もう一人の客を説得できれば、交換を認めると言ってくれた。
――そんなフェルトも目の前で殺された。
「……悪かったな、巻き込んで」
そんな謝罪の言葉を遺して、あの女に立ち向かっていて、あっけなく散っていった。
『彼女だけは逃さなくては』。そんな事を頭では考えていた。
自分が囮になって、逃げる時間を稼ぐ。
そんな結論を出していた。
なのに身体は動かった。
恐怖でガタガタと震えるだけだった。
出会って間もない、ほんの小一時間程度の仲だったが、本音で話し合った相手達だった。
それを自分は恐怖で見捨ててしまった。
「お爺さんと女の子は倒れた、なのに貴方は動かないの?」
つまらなそうにそう自分に言った女、これがもう一人の客、エルザと名乗った異常者――ロム爺とフェルトを殺した女だった。

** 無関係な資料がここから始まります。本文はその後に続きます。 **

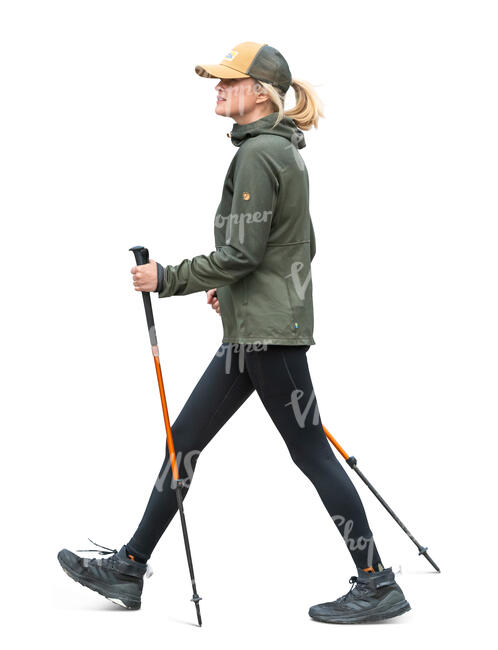 cut out woman with trekking poles walking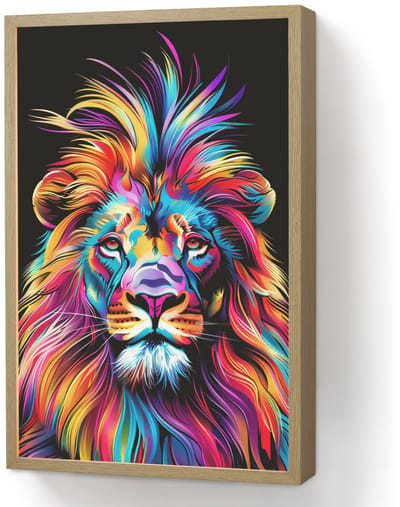 Wandlamp 40x60 cm - Oplaadbaar - Leeuwen - Kleurrijk - Zwart - Dieren - Wandlampen binnen woonkamer - Slaapkamer lamp - Decoratieve nachtlamp - Vloerlamp draadloos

その言葉に、何も感じていなそうなエルザのその態度に、怒りを感じた。
震えていた自分が情けなくて、なんとか立ち上がって向かっていった。
その結果がこれだった。
一撃入れてやった代わりに、自分の腹は裂かれ、今はうずくまり苦痛に顔を歪めている。
「痛い? 苦しい? 辛い? 死んじゃいたい?」
飛び出た腸をウットリとした表情で見つめる彼女はスバルと視線を合わせるように屈んで、そんな事を問うてくる。
だが、そんな言葉はスバルの耳には届かない。
脳内麻薬ですら痛みを誤魔化しきれない。
痛い、痛い、痛い、痛い!
怖い、苦しい、辛い、逃げたい、生きたい、死にたくない、死にたくない、死にたくない!
いつ死ぬ? どう死ぬ?
死んだらどうなる?
どこへ行く?
分からない.
恐い、恐い、恐い、恐い、恐い、恐い、恐い、恐い、恐い、恐い、恐い、恐い、恐い!
死にたくない。
どこまでも続く死への恐怖。
それが本能から来るものなのか、「まだやらなければならない事がある」という理性からくる物なのかスバルにも最早分からなかった。

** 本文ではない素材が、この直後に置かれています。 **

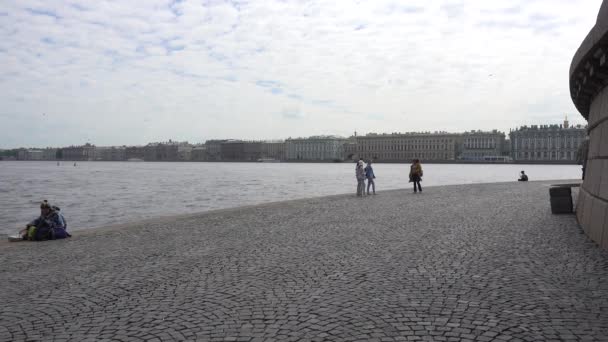 Broche Île Vassilievski Promenade Surplombant Rivière Neva Russie Saint Pétersbourg — Video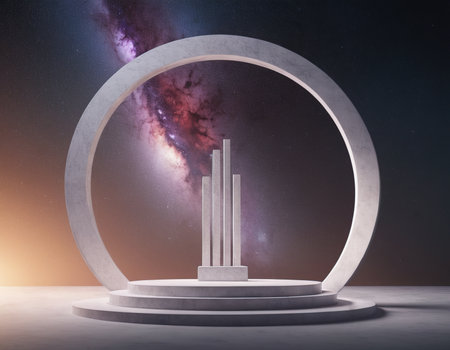 Podium with round arch and colorful night sky. 3D renderingの素材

死にたくない、死にたくない、死にたくない、死にたくない、死にたくない、死にたくない、死にたくない、死にたくない、死にたくない!
そんな思いに脳が埋め尽くされる。
だが、無慈悲に視界は白くなっていき――
――あ、死んだ
ナツキ・スバルは異世界で二度目の死を迎えた。
宝探し編、お疲れ様でした。
これいちいち〇〇編完って書くの締まり悪いなと思ってやめました。
梨花ちゃんから漂う魔女の香り……いったいどこのゲロカス卿の仕業なんだ……!?
ちなみにこんな事言ってますが、うみねこ勢が関わるところは今んところゼロの予定です。
ただ、今後ひぐらし業本編に出てきたら多分出てくると思います。
まあどっちに転んでも頑張ります。
この宝探し編では死にたがってる梨花と生きたがってるスバルの対比構造になっています。
ただ、まあどっちも辛いと思いますけどね。